When a company goes public with an initial public offering (IPO), it offers a specific number of shares for sale. For example, say a company has an initial public offering of 1,000 shares. Those 1,000 shares are the float. If 500 people each purchase 2 shares, each person owns 0.2% of the company. Later, the company decides to raise money by issuing another 1,000 shares, and another 500 people each buy 2 of those. Now there are 2,000 shares in circulation, and even though no one sold any part of their ownership in the company, shareholders who own 2 shares now own 0.1% instead of the previous 0.2%.
How stock dilution reduces investor influence
Since stock dilution reduces ownership percentages, it also dilutes investor influence by default.
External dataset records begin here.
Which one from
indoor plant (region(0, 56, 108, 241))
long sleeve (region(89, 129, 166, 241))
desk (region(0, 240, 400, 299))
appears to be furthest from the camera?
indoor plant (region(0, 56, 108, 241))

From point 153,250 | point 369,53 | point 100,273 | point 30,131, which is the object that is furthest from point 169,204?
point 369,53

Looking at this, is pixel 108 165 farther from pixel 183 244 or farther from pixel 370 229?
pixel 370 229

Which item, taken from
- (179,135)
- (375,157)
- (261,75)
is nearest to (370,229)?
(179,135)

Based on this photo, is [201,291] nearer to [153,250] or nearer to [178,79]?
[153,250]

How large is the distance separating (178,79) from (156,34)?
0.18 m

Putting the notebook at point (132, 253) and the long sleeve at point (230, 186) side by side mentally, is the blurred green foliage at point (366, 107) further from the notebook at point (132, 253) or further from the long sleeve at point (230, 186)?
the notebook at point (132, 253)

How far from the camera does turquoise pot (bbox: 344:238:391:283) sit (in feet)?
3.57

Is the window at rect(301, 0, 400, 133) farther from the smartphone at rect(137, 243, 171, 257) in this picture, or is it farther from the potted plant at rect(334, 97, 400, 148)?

Each share of a company represents voting power at annual meetings, so when more shares are issued, it reduces the existing voting power in kind. This reduced voting power can force out other shareholders or force them to accept changes they may not have before the shares were diluted.
Most shareholders view stock dilution negatively because it reduces both the value of the asset they hold as well as the power and influence they hold. A company that issues a small percentage of new shares may not raise as much ire with shareholders as one who issues large amounts of new shares all at once.
Is stock dilution the same as a stock split?
Stock dilution is not the same as a stock split. In fact, they’re opposite terms. A stock split multiplies the number of shares each owner has by the factor of the split. For example, when someone owns 2 shares of a company and that stock splits 2:1, the shareholder then owns 4 shares after the split.
When stocks split, the value of the stock splits as well, thus the total value of 4 shares will initially equal the previous total value of 2 shares. Since these new shares are issued to existing stockholders, it does not dilute the shareholders’ value.
Why do companies dilute their stock?
Companies often dilute their stock as a way to raise funds for growth, research and development, to acquire new assets or companies, or to pay down existing debt. Usually the company feels that the future growth and profits are an acceptable tradeoff to the short term consequences of diluting the stock.
Put simply, stock dilution is like buying pizza for 4 people, then suddenly having to split it 6 ways instead. You paid the same but have less pizza. Along the same lines, however, it can be similar to dividing a plant. By breaking some plants into multiple pots in a garden, you provide room and resources for each plant to grow faster and larger.
Stock dilution can sometimes have this effect as well. Initially you have smaller pieces of the pie (or plant), and in some cases, investors simply live with less or exit their position. In other cases, investors adopt a wait and see approach, only to find the stock benefited greatly in the end because the dilution allowed the company to invest and grow.